The paper “ Different Types of Leadership, Yukl's Three Behaviours, and Criticism of Current Theory on Transactional Leadership” is a thoughtful example of a literature review on the management. Karl Emil Maximilian "Max" Weber, the German sociologist, who lived between 1864 to 1920, classified leaders into three categories - traditional leaders, bureaucratic leaders, and charismatic leaders. Nearly six decades after his death, Burns (1978) came up with another classification: transformational and transactional leaders. In essence, Burns's transformational leadership was the same as Weber's charismatic leadership. Since then, a lot of research has gone into all three types: charismatic, transformational and transactional (Weber, 1994, pp.
1– 28). Charismatic leadership: Weber's definition of charismatic leadership is this: “ resting on devotion to the exceptional sanctity, heroism or exemplary character of an individual person, and of the normative patterns or order revealed or ordained by him". According to Weber Jesus was a charismatic leader. Even Hitler, the dictator, had some traits that were charismatic. Charismatic leaders possess exceptional qualities and are normally followed with god-like devotion. Transformational leadership: Burns’ definition for transformational leadership is like this: "Transformational leadership recognizes and exploits an existing need or demand of a potential follower and looks for potential motives in followers, seeks to satisfy higher needs, and engages the full person of the follower” .
Transformational leadership exhibits some unique characteristics. Leaders belonging to this group use emotions to motivate their followers which lets them act beyond 'exchange relations', a predefined framework of action. They are proactive and raise the expectation levels in their followers. They are highly inspirational in nature and provide intellectual stimulation, individualized consideration and exert on their follower's idealized influence of high order.
These leaders have greater visions, possess management and rhetorical skills and use emotions to develop bonds with their followers. Considered as highly motivational, they imbibe in their followers the powers of setting goals, reaching to them and in the process giving up self-interest. Transformational leadership has been studied extensively and Bass and Avolio (1990, pp. 231– 272) and others have stated that they have certain unique qualities in order to be able to be transformational and the same include: clarity of purpose, clarity of values, persistence, love for work, desire for learning perpetually, enthusiasm, effective communication, courage, risk-taking capabilities, and love for work. Transactional leadership: Transactional leadership, on the other hand, does possess leadership qualities but lacks being transformational.
This leadership is adept at honoring mutual agreements but only that does not befit the qualities of being a mover and a shaker. These leaders are effort driven and reward-driven. They are the people who are more comfortable with dealing with the issue in hand rather than the visioning of a different future. These leaders are sort of manual-driven i. e., they follow a specific path of inducement, then reward, then sanction or even punishment so that they can control followers.

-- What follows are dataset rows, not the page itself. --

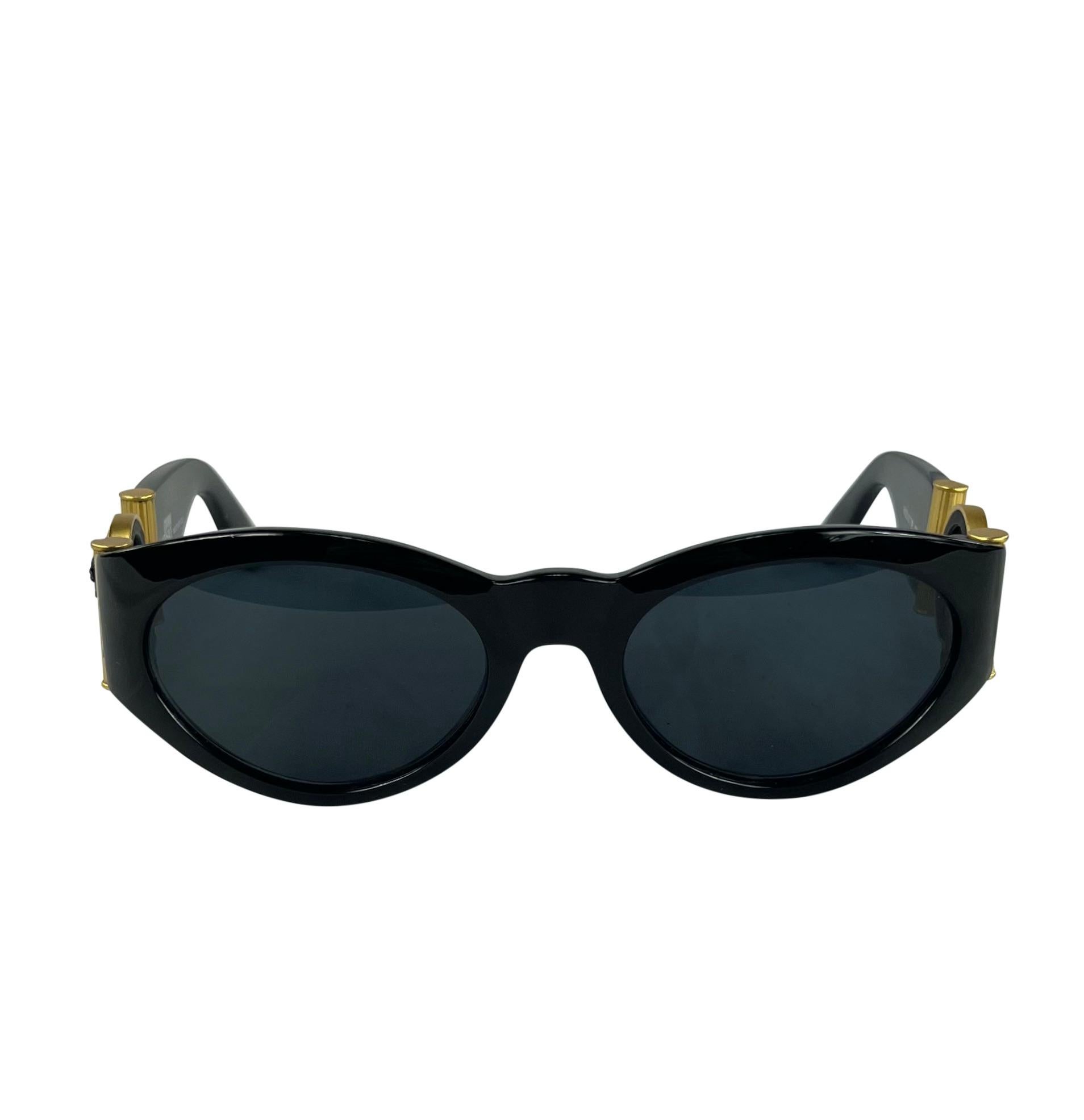 Designed by Gianni Versace in the 1990s, these black oval sunglasses are an ultra-chic addition to any wardrobe. Their sleek shape is accentuated by iconic gold-tone Versace Medusa reliefs adorning each arm. 

Approximate measurements:
Frame height: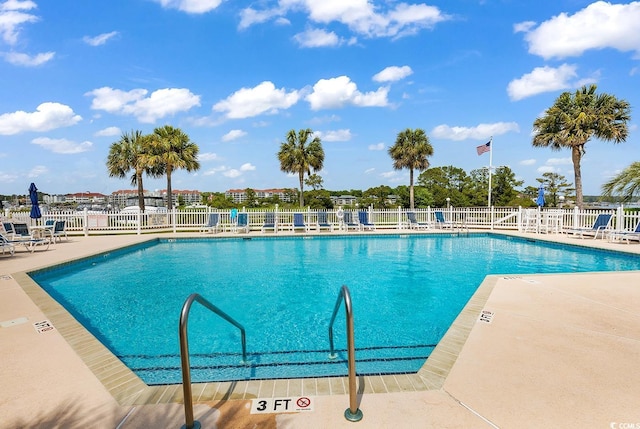 4755 Lightkeepers Way Unit 15-E, Little River, SC 29566 - pool with a patio area and fence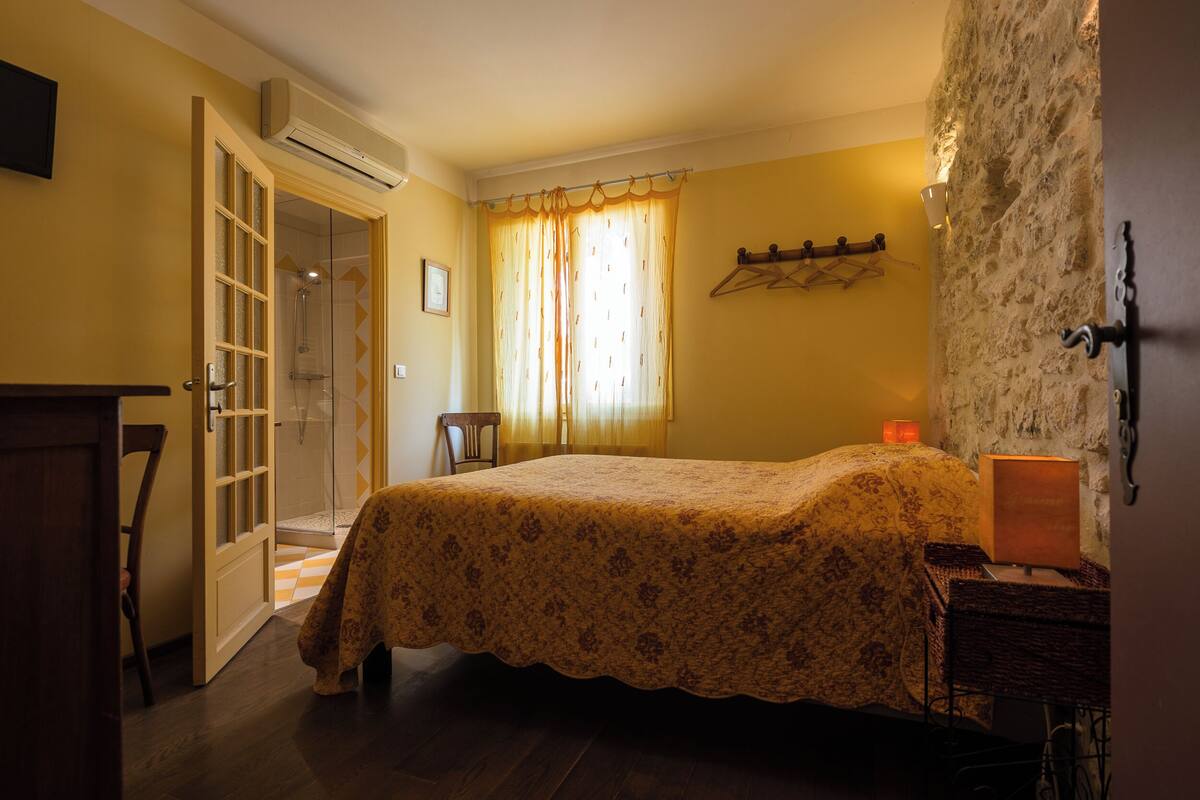 A bedroom with a bed, a chair, a desk, a lamp, and a wall-mounted shelf.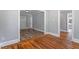 Inviting living room showcasing beautiful hardwood floors and neutral wall paint at 134 Nelson St, Durham, NC 27707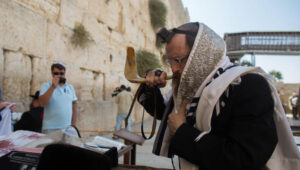 Jewish men pray for the intervention of the Kingdom of Heaven in these harrowing times. Photo by Yonatan Sindel/Flash90
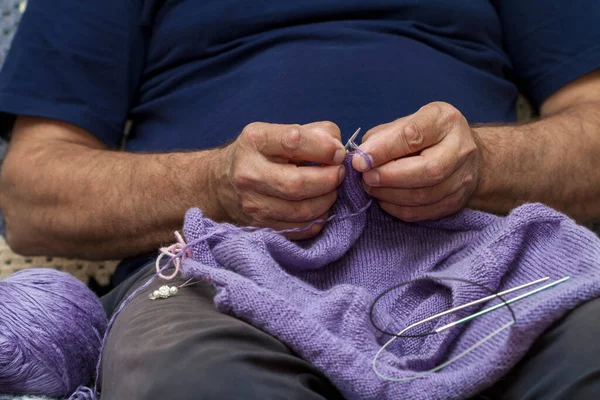 Closeup of elderly man knitting a purple sweater. Knitting like hobbies handmade.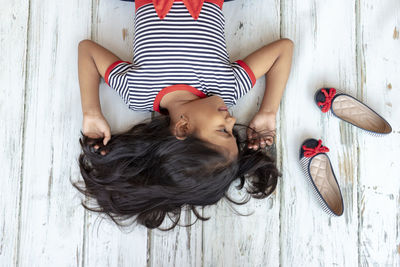 High angle portrait of woman lying on floor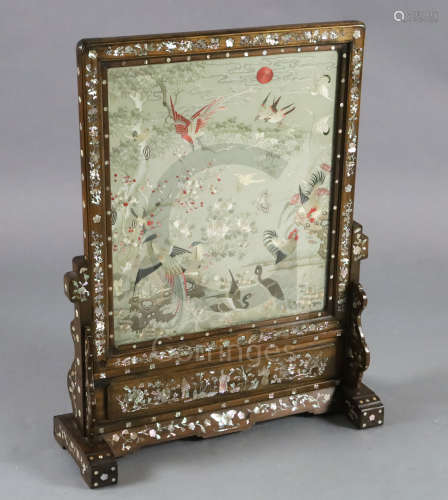 A Chinese embroidered silk, hongmu and mother of pearl framed table screen, c.1900, the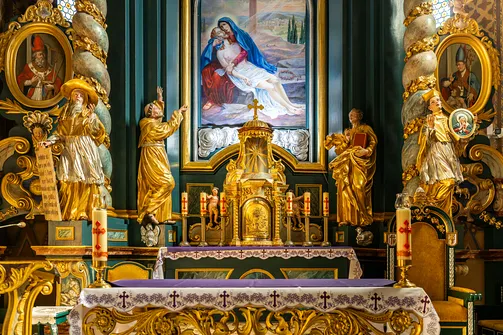 Barokowy ołtarz główny żywieckiej konkatedry z rzeźbami świętych i pozłacanym tabernakulum.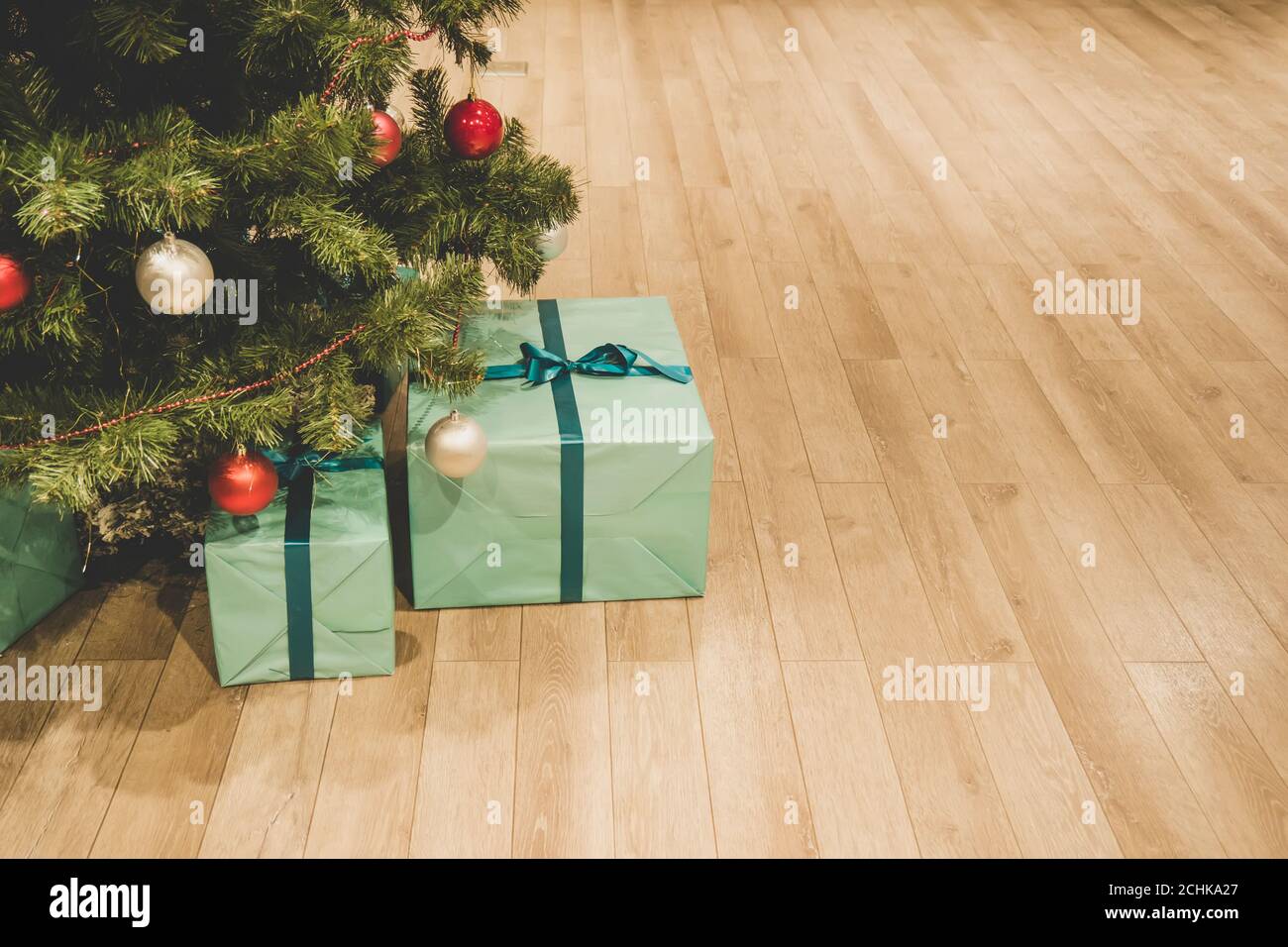 Weihnachtsbaum mit Dekorationen und Geschenke unter ihm innen. Blaue Schachtel auf dem Boden unter dem Weihnachtsbaum. Geschenke vom Weihnachtsmann verpackt in einem Stockfoto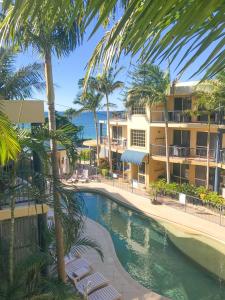 una piscina frente a un complejo con palmeras en Beachside Holiday Apartments, en Port Macquarie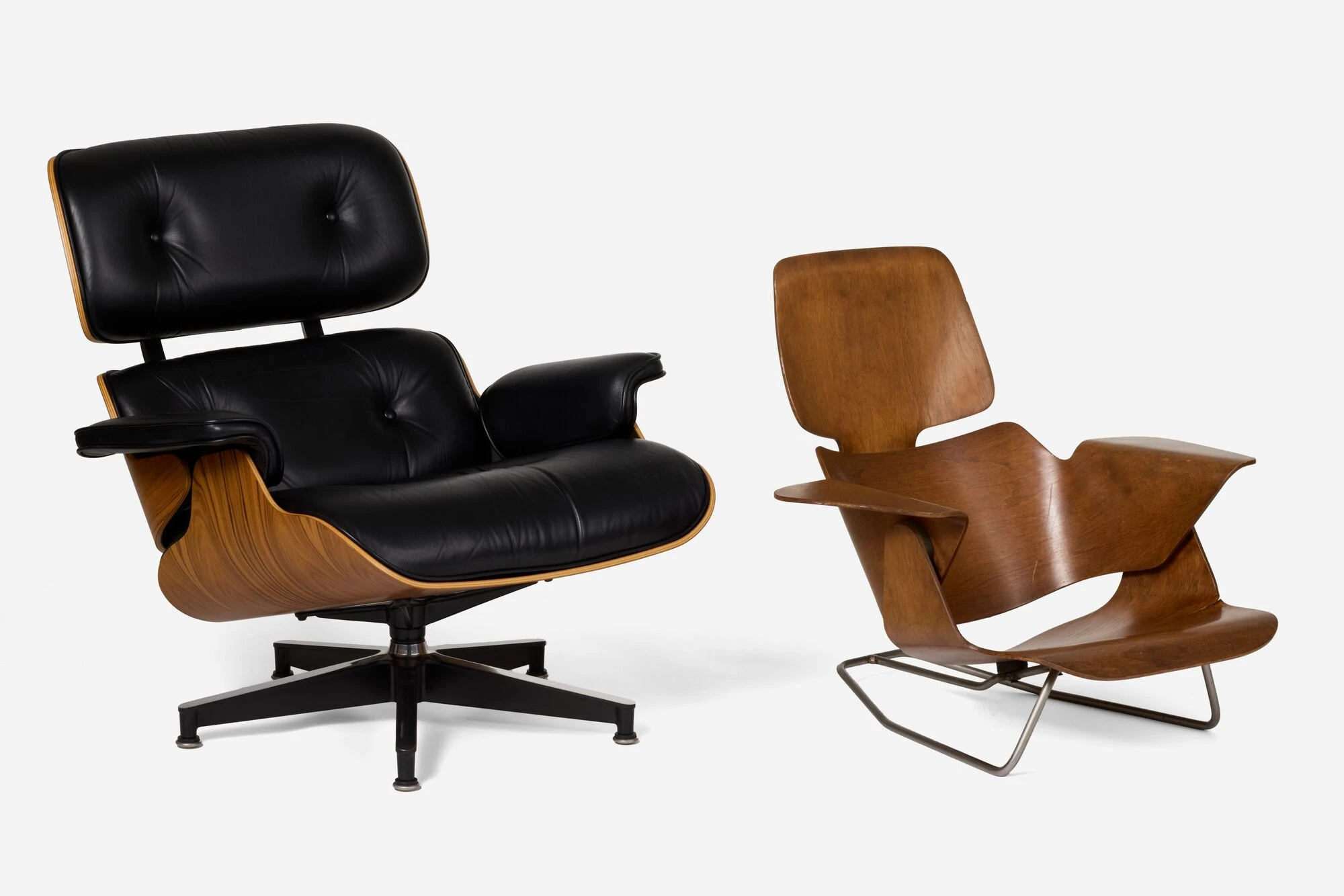 Angled side view of an Eames Lounge Chair circa 1976, featuring molded Palisander rosewood alongside an early prototype.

They do not have inherent powers to motivate; instead, they use the magic wand of the reward system to encourage their followers to set and accomplish goals. They bargain reinforcements with rewards (Bycio, Hackett, Allen, 1995, pp. 468– 478). Key differences between eachCharismatic leadership is aura-driven in nature; it is an embedded, probably in-born feature in the leader. Transformational leadership recognizes potential and exploits that in the desired direction. And transactional leadership is unlike both above as such leadership is controlling in nature; it uses bait to control followers.
The first two don't use any such thing.